» **Aim of the task**
The answer is to consist only of an exact retyping of the lines from the one containing "Funny Cats and" to the end of the entries, without pictures.

» **Data to use**
* * * * * * * * *
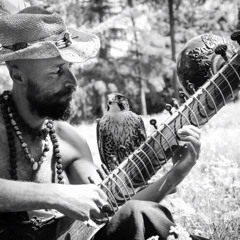 paul jackson omnivibes music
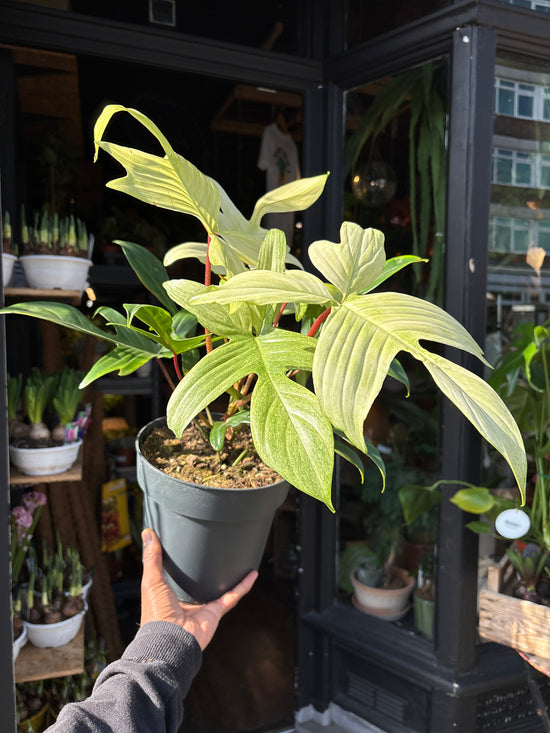 A Philodendron Florida Ghost plant in front of Urban Tropicana’s Plant Shop in Chiswick London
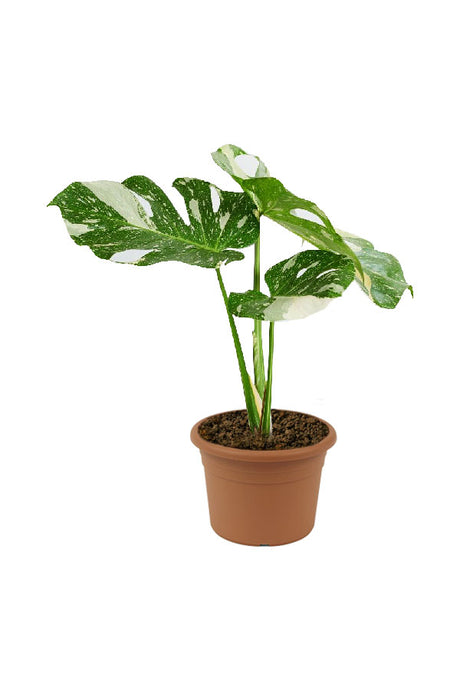 Monstera Thai Constellation – Rare Variegated Indoor Statement Plant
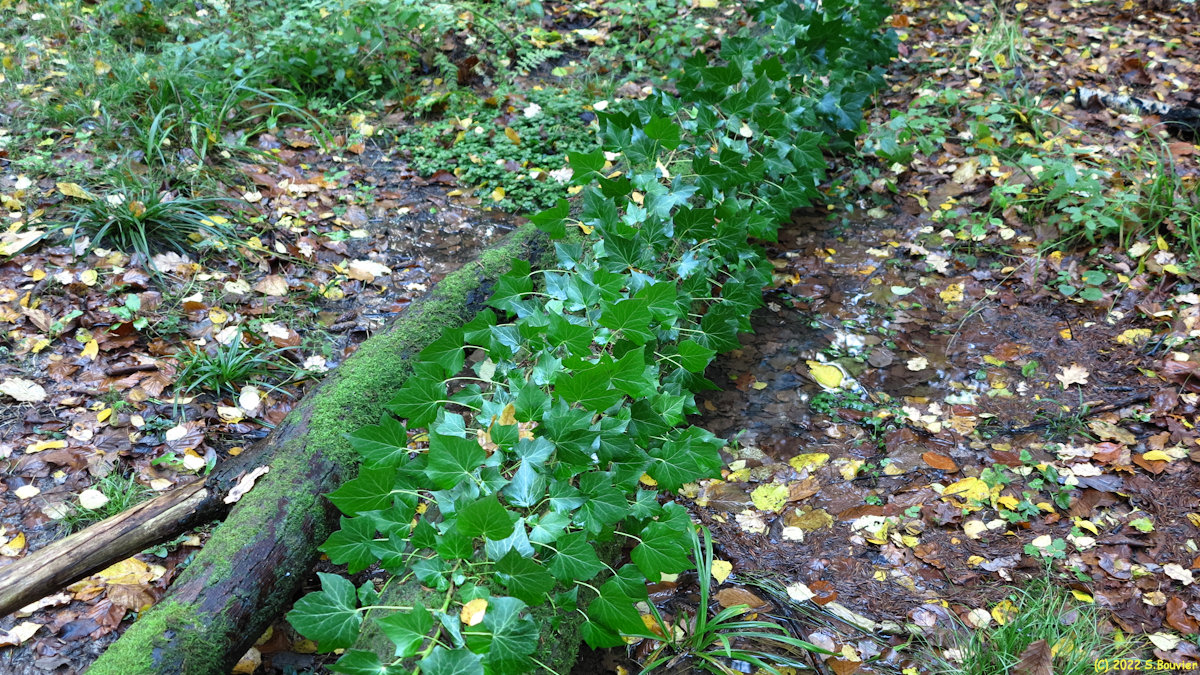 Forêt d'Eawy (Lierre)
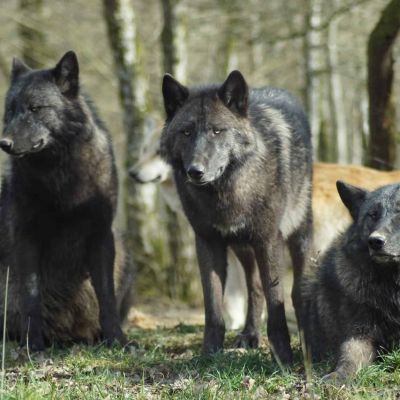 black wolf on green grass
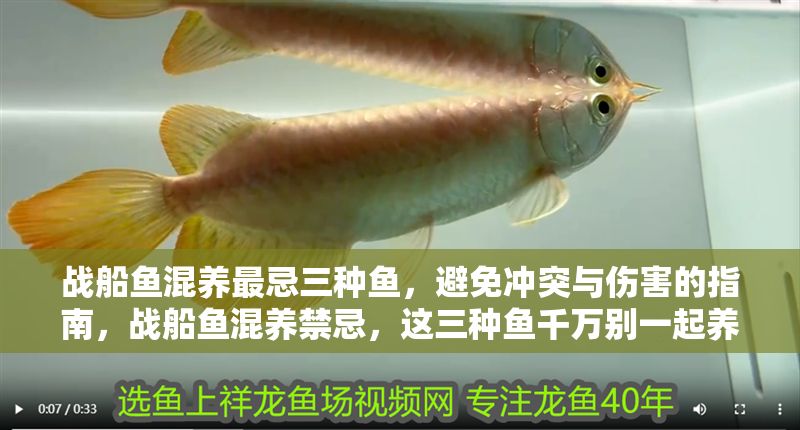 戰(zhàn)船魚混養(yǎng)最忌三種魚，避免沖突與傷害的指南，戰(zhàn)船魚混養(yǎng)禁忌，這三種魚千萬別一起養(yǎng)！ 戰(zhàn)船魚混養(yǎng)最忌三種魚，避免沖突與傷害的指南，戰(zhàn)船魚混養(yǎng)禁忌，這三種魚千萬別一起養(yǎng)！ 龍魚百科 第1張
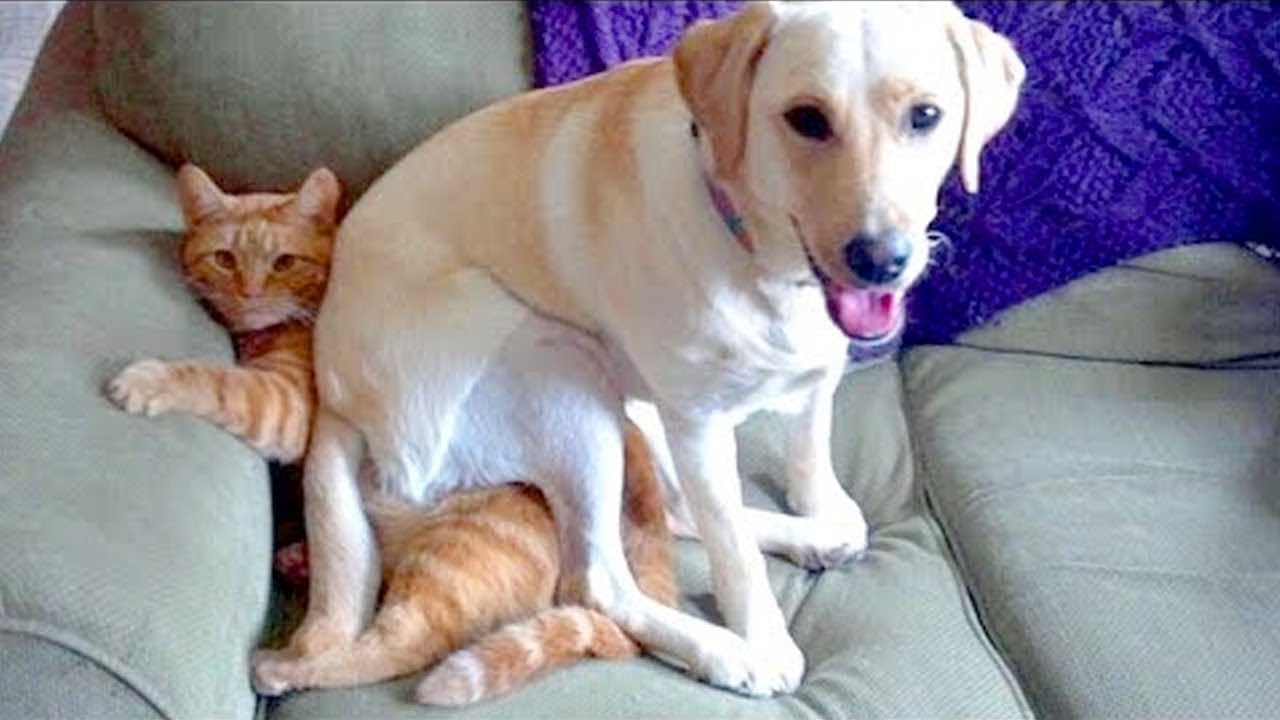 Funny Cats and Dogs Video Vines || FunnyVines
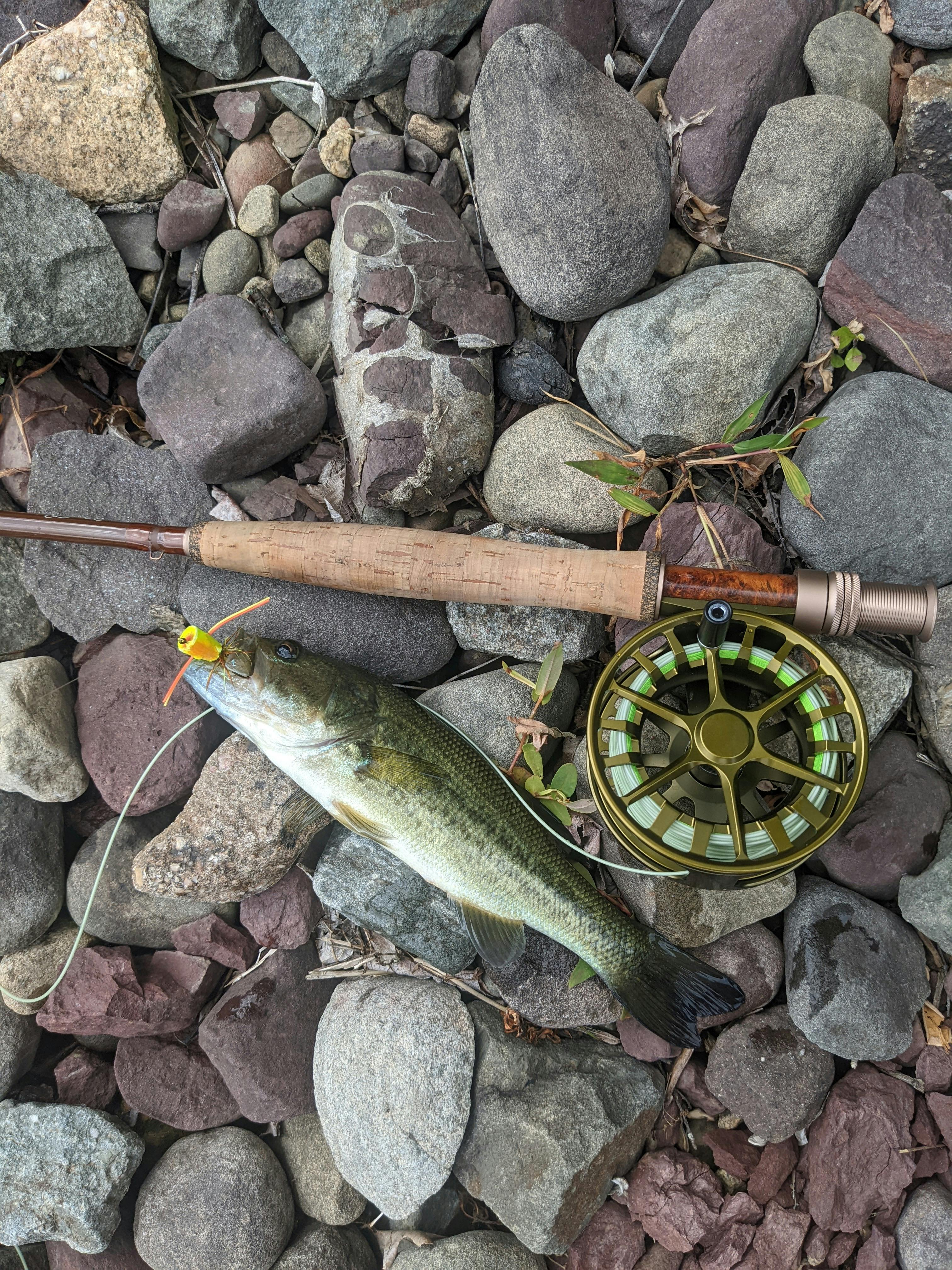 A fish laying on some rocks with a fly rod laying next to it.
* * * * * * * * *
» **Solution to the problem**
 Funny Cats and Dogs Video Vines || FunnyVines
 A fish laying on some rocks with a fly rod laying next to it.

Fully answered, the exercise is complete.